§ **Available records**:
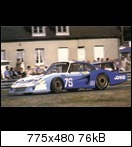 1982 24h Le Mans 1982-lm-79-0003lpqgs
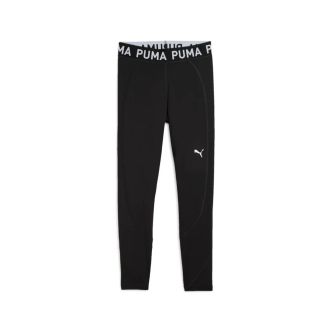 W PUMA STRONG TIGHT HW FL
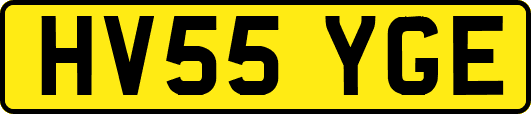HV55YGE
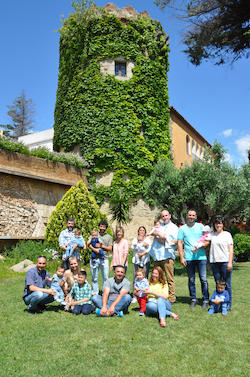 170524_fotogeneracio_v.jpg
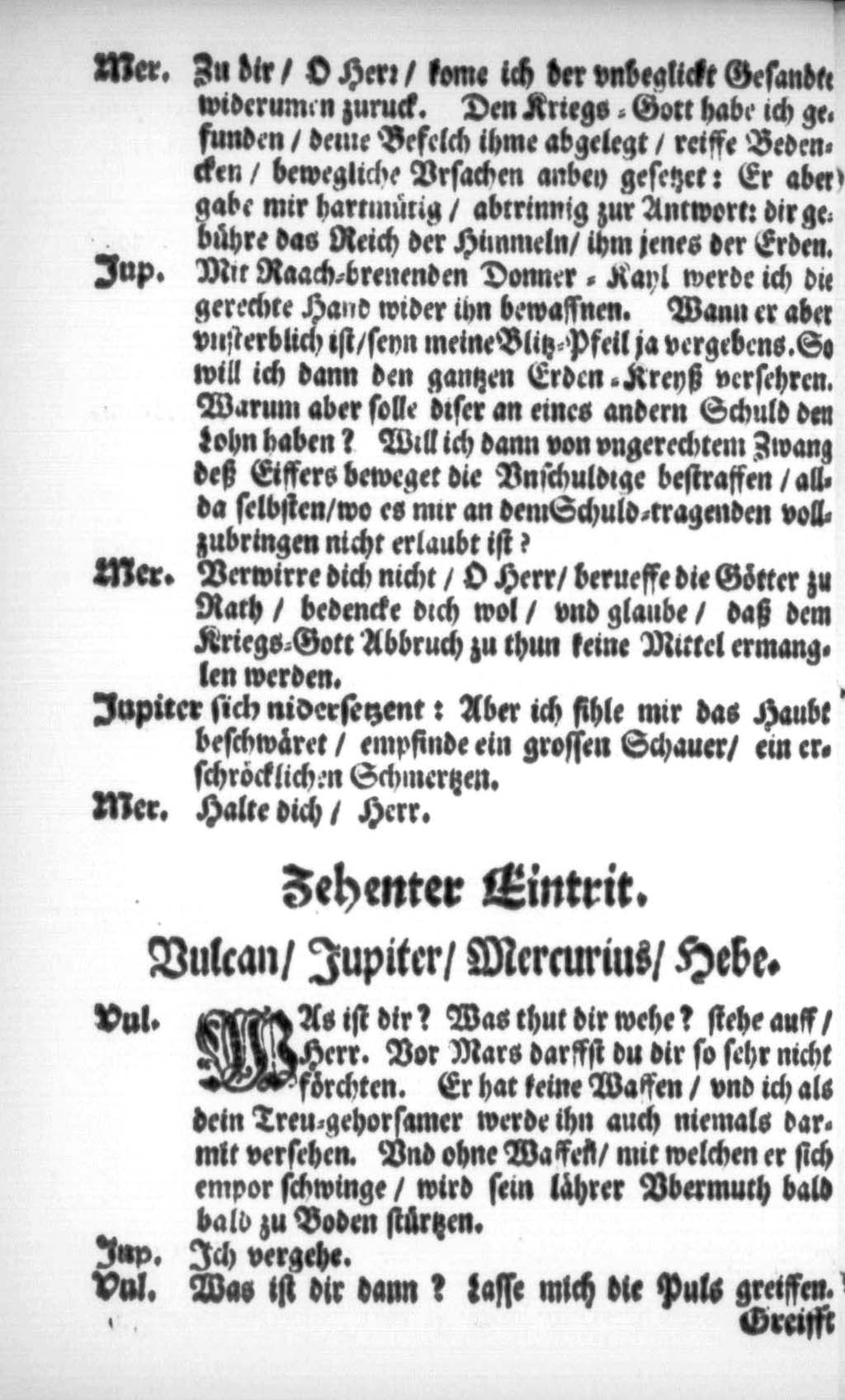 http://diglib.hab.de/drucke/textb-659/00019.jpg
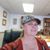 Tammy Harris's profile image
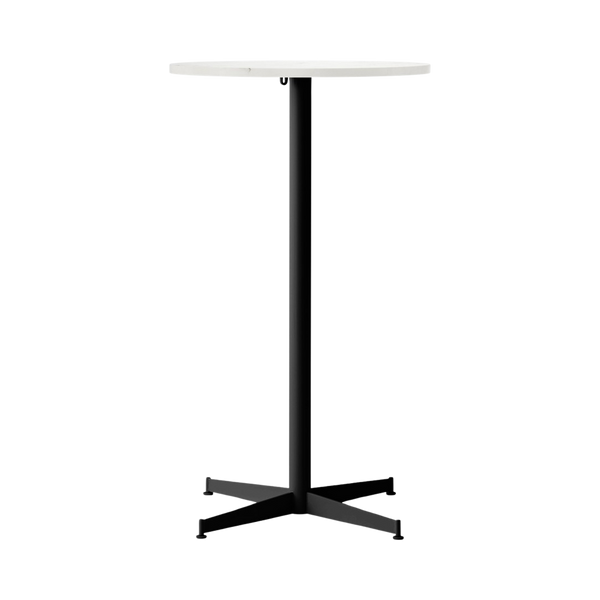 Nook Bar Table Audo Copenhagen 71183 010045 19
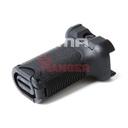 GRIP FMA TD RAIL 0298 NEGRO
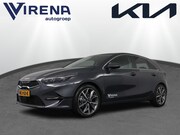 Kia Ceed - 1.5 T-GDi DynamicPlusLine Automaat - *DEMO* - Trekhaak - Nav
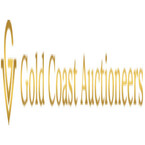 Gold Coast Auctioneers Antique And Estate Buyers - Plainview, NY, USA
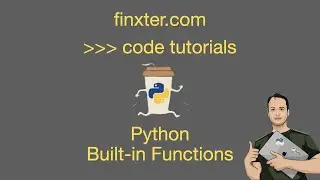 Python Built-in Functions: bin() and How to Convert a Binary String to Decimal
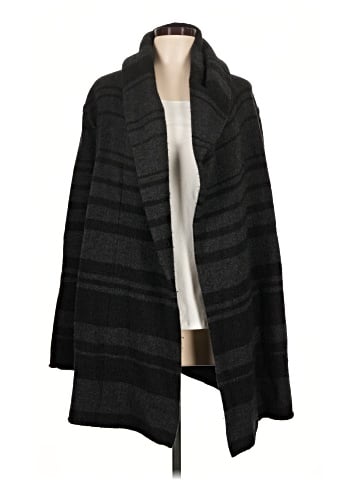 Vince. Cardigan (view 1)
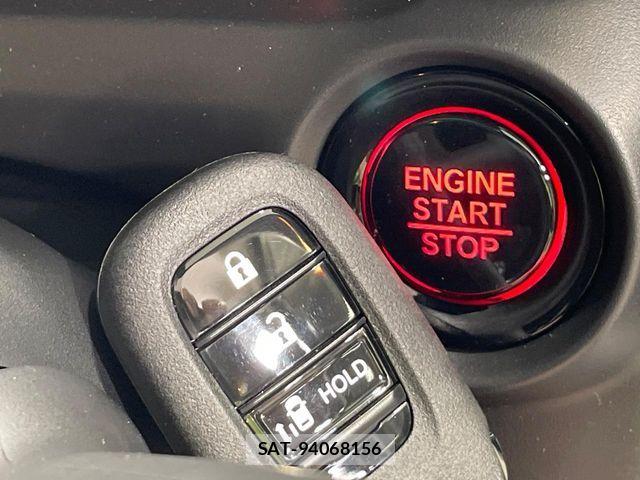 Honda N BOX CUSTOM 2026-07 7903108-5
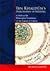 Ibn Khaldun's Philosophy of History: a study in the philosophic foundation of the science of culture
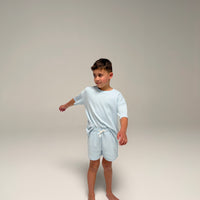 Kids Tee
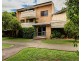 12/30 Haynes St, Penrith NSW 2750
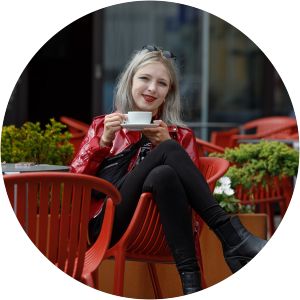 kælan mikla laufey soffía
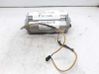 Airbag del pasajero 30344611C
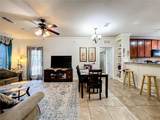 902 Charo Parkway - Photo 21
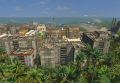 Tropico 3 3.jpg
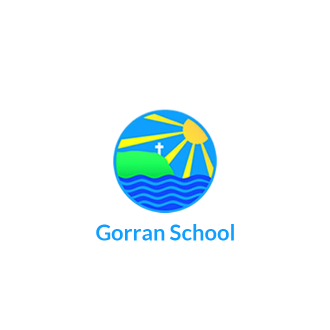 Gorran Primary School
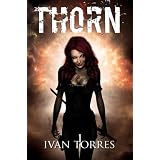 Thorn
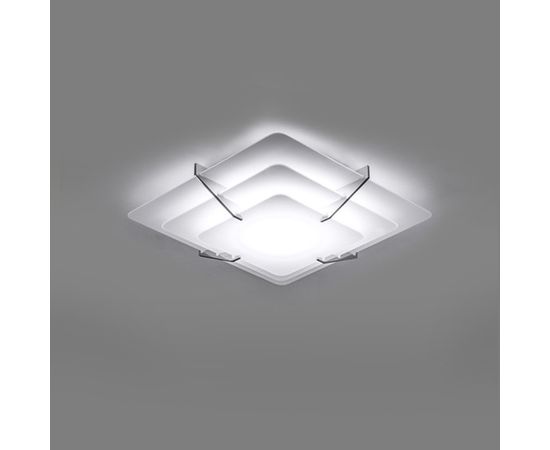 Потолочный светильник Milan Iluminacion ESCALA 6482, фото 1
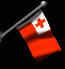 tonga_lb.gif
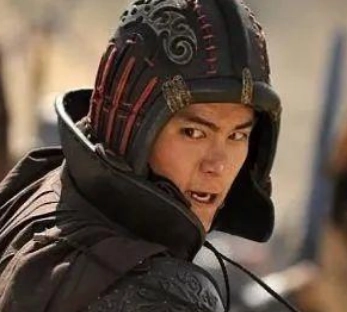 1654135721134968.png image.png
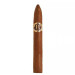 Vegas Robaina Únicos | Charuto Cubano Pirâmide Cepo 52 Gramado e canela, RS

§ **Work instructions**: Please write out all the entries above again exactly as they appear, skipping any images.

§ **Result for this task**:
 1982 24h Le Mans 1982-lm-79-0003lpqgs
 W PUMA STRONG TIGHT HW FL
HV55YGE
 170524_fotogeneracio_v.jpg
 http://diglib.hab.de/drucke/textb-659/00019.jpg
 Tammy Harris's profile image
 Nook Bar Table Audo Copenhagen 71183 010045 19
 GRIP FMA TD RAIL 0298 NEGRO
 Kia Ceed - 1.5 T-GDi DynamicPlusLine Automaat - *DEMO* - Trekhaak - Nav
 Gold Coast Auctioneers Antique And Estate Buyers - Plainview, NY, USA
 Python Built-in Functions: bin() and How to Convert a Binary String to Decimal
 Vince. Cardigan (view 1)
 Honda N BOX CUSTOM 2026-07 7903108-5
 Ibn Khaldun's Philosophy of History: a study in the philosophic foundation of the science of culture
 Kids Tee
 12/30 Haynes St, Penrith NSW 2750
 kælan mikla laufey soffía
 Airbag del pasajero 30344611C
 902 Charo Parkway - Photo 21
 Tropico 3 3.jpg
 Gorran Primary School
 Thorn
 Потолочный светильник Milan Iluminacion ESCALA 6482, фото 1
 tonga_lb.gif
 1654135721134968.png image.png
 Vegas Robaina Únicos | Charuto Cubano Pirâmide Cepo 52 Gramado e canela, RS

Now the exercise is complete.